US Gov took over $600B from individuals in the month of February – a record. Regardless, it still cannot meet its obligations without the continual creation of debt: a roughly $350B budget deficit in the first five months of the fiscal year – which will be added to the roughly $20T outstanding national debt. Vote harder? You silly, silly Americans. You cannot fix this system. You certainly cannot do it at the ballot box. Perhaps you opt for state secessions as a partial improvement. Perhaps you reach the enlightened awareness that all Govs eventually fail and perpetually do harm. Or perhaps you just keep ignoring it, as the Empire Parasite outgrows its food/tax source, spreads the globe in unsustainable patterns of influence and manipulation, creates wars and control systems which require continually increasing expenditures and management to maintain them in extremely unstable and disequilibrated states, and, as it must, as Empires without exception have suffered throughout history, it collapses (e.g. the Romans, Dutch, Portuguese, Spanish, French, British,…).

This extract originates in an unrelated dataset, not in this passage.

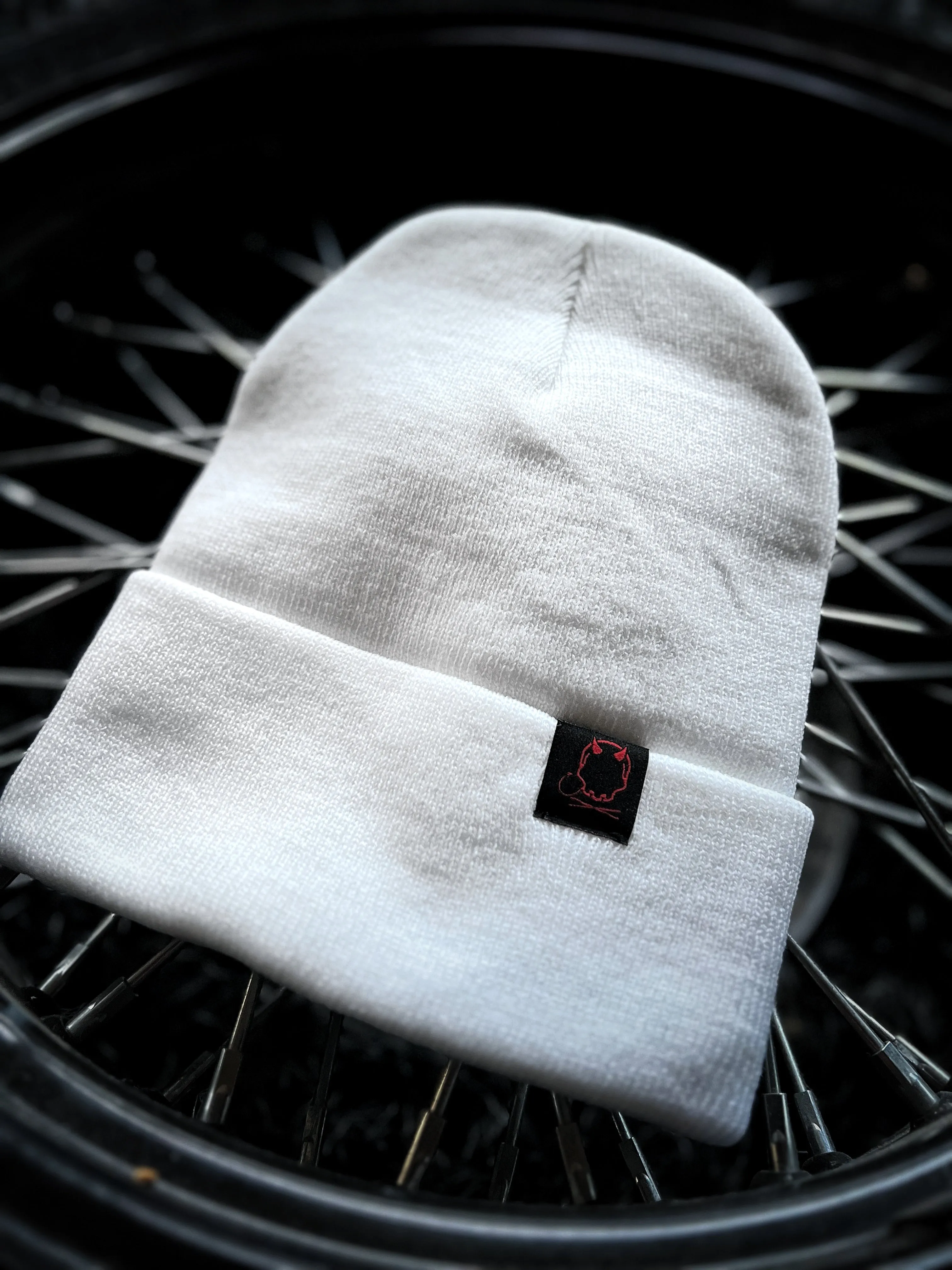 DDD WHITE BEANIE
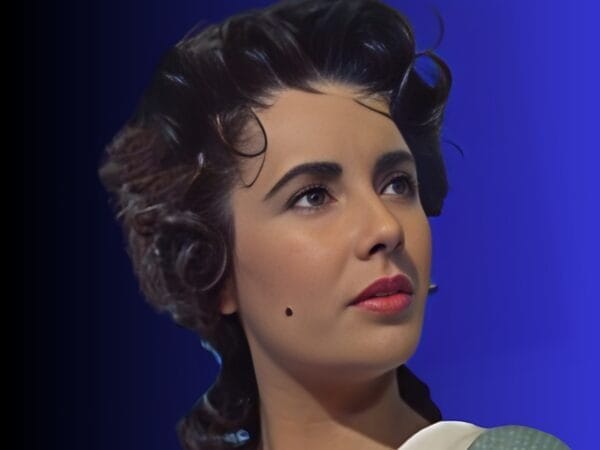 Elizabeth Taylor in the film Giant 1956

You can hope for a quick Soviet-style collapse wherein the separate states splinter without violence and starvation. Or maybe you’ll get a Venezuela which has been dying for decades through a state-imposed suicide, which has controlled every aspect of life until they now stand in long lines to get into empty grocery stores to buy a scrap of anything with the money that is worth considerably less at the checkout line than it was just a few hours before when they formed the line with their poor, unfortunate comrads, thinking, “Si Dios quiere, quizás pueda encontrar hoy la leche y pan para dar de comer a mis hijos.” While they’ve been hoping, in complacency, for centuries that God wills them good, real men have done them ill. Your religion of statism will serve you equally well. Good luck.